En 1976, après la normalisation de ses relations avec les forces de l’État péruvien, Blanco est retourné dans le pays en tant que candidat du Frente Obrero Campesino Estudiantil y Popular à l’Assemblée générale constituante et a occupé un siège au Congrès jusqu’en 1992 (parmi divers partis de gauche ). Cette même année, un membre de la guérilla du Sentier Lumineux lui demande une déclaration explicite sur son combat.
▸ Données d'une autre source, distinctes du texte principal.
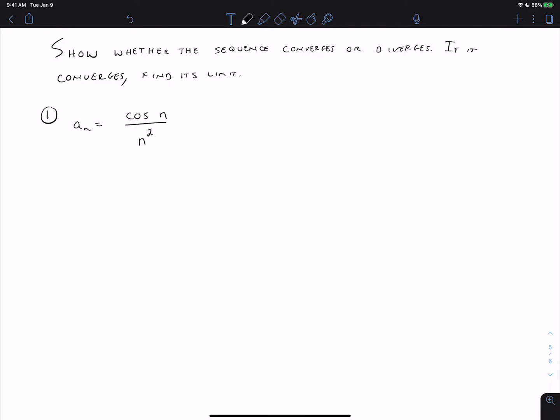This video is on more sequence convergence. The directions for most problems will say show whether the sequence converges or diverges; if it converges, find its limit. Last video we talked about sequences where all the function types were the same — all power functions or all exponential functions. Now we're going to look at what happens when we mix function types. Here we've got a trigonometric function and a power function: cosine(n) over n².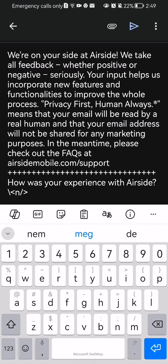All you have to do is write your problem at the end of this long message. You basically have to write what is bothering you and what you need help with.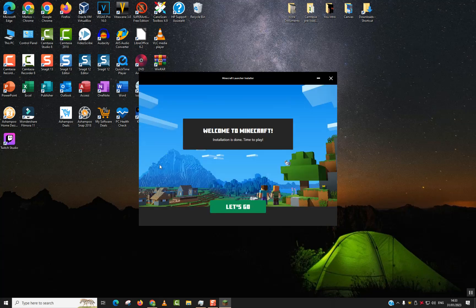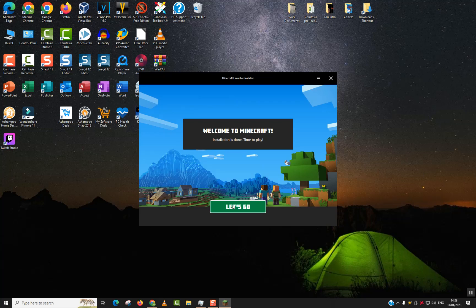As you can see, the download is over. Welcome to Minecraft, just click Let's Go. And after that, you will be prompted to log in or to create an account.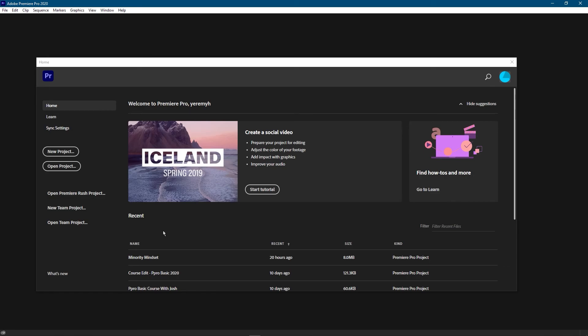In any case, you just deleted your Premiere Pro project. Pretty easy, right? If you found this helpful, leave a thumbs up so it reaches other people with the same question. That's all for today. See you guys next time.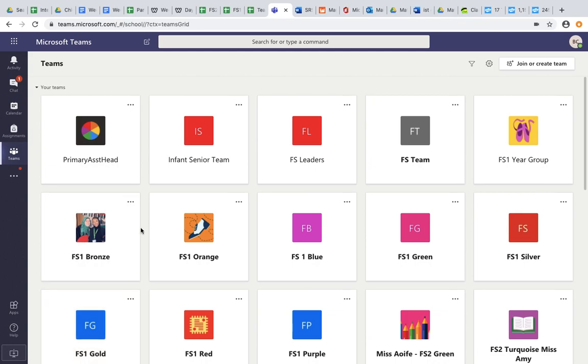Hi Mums and Dads, this is a quick video just to show you how we can access Microsoft Teams in different ways.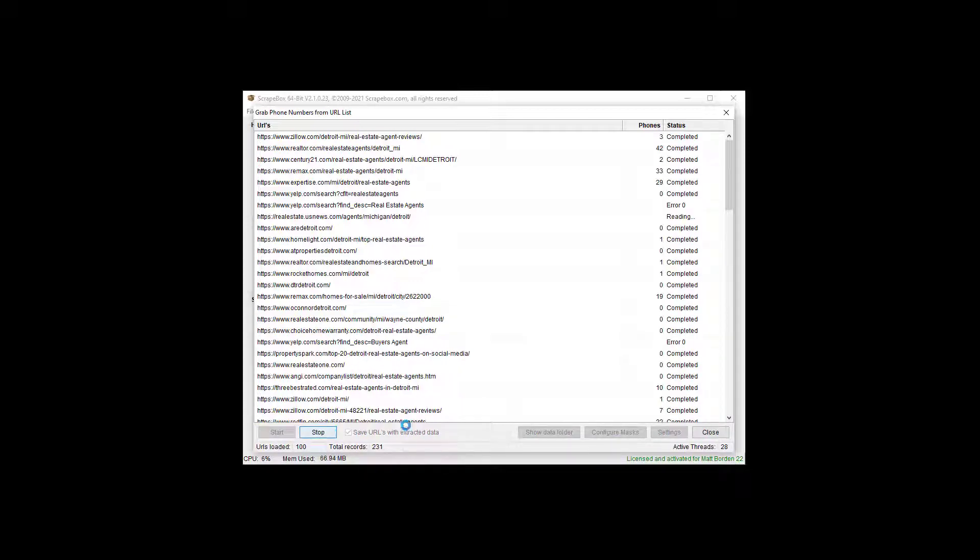Obviously, we can stop it. When we're done, we'll be able to click this show data folder, and it's going to give us all the files that we've scraped.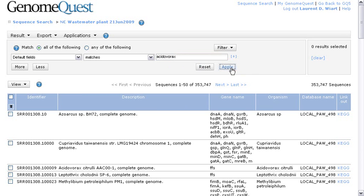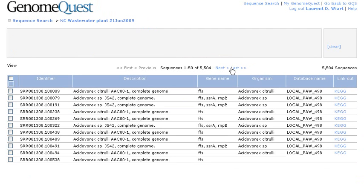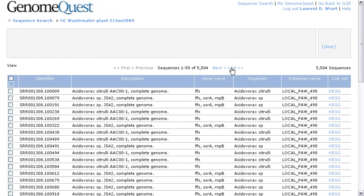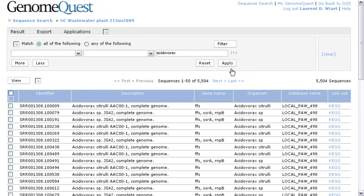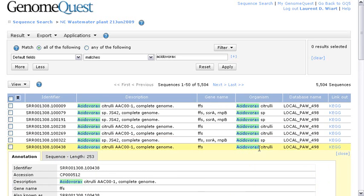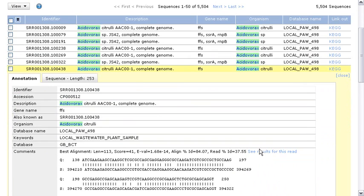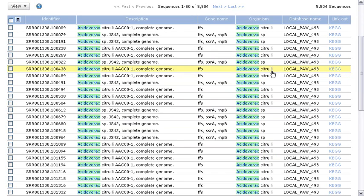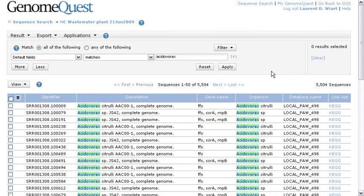Now, I'm going to drill down into the reads specific to ACIDOVORACS. And as you can see here in the description, or the organism, there's a list of ACIDOVORACS sequences. And I could expand the rows to have more information about those specific reads annotated by ACIDOVORACS.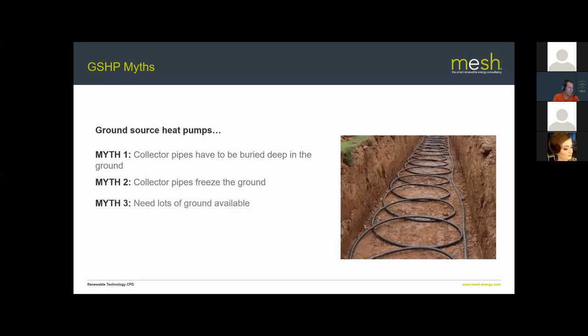Myth three: lots of ground needs to be available. If you want horizontal collectors, yes you need significant land, but boreholes are always an option. They're more expensive to install but work very well on smaller sites. We're seeing many borehole installations around London and on social housing projects, and boreholes are the go-to for any large commercial project where the required land area for horizontal loops would be impractical.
“Je n’étais pas du côté de Sendero, et je n’étais pas non plus un supporter. J’étais pour l’autodéfense, mais je n’étais pas un guérillero essayant de prendre le pouvoir. Nous ne faisions que nous défendre. Ce membre du Sentier lumineux m’a dit que si je ne travaillais pas avec eux, j’étais un traître. Ces gens de Sendero ont également tué des dirigeants de gauche, et finalement on ne savait pas au Pérou qui avait tué qui, qu’est-ce que le terrorisme d’État ou le terrorisme du Sentier Lumineux. Depuis, la gauche est stigmatisée au Pérou. » Interrogé sur le Movimiento Revolucionario Túpac Amaru (MRTA), l’autre guérilla active à l’époque, il répond : « J’avais un peu plus de sympathie pour le MRTA. Ils étaient plus nobles et plus humains. Ce groupe de guérilla avait une certaine éthique, que Sendero n’avait pas. Peut-être au début, mais ensuite ça a beaucoup dégénéré. » Plus tard, Blanco a approché l’EZLN mexicain alors qu’il vivait dans leur pays pour en savoir plus sur ces processus indigènes et d’autres. De là, il a dirigé plusieurs médias alternatifs, quelque peu paralysé par une maladie cardiovasculaire qui l’a contraint à ralentir son rythme politique frénétique. Après deux décennies de militantisme virtuel à travers les réseaux, la mort l’a rattrapé en juin dernier en Suède, le pays où vivent certains des enfants qu’il a laissés derrière lui dans les années 1970.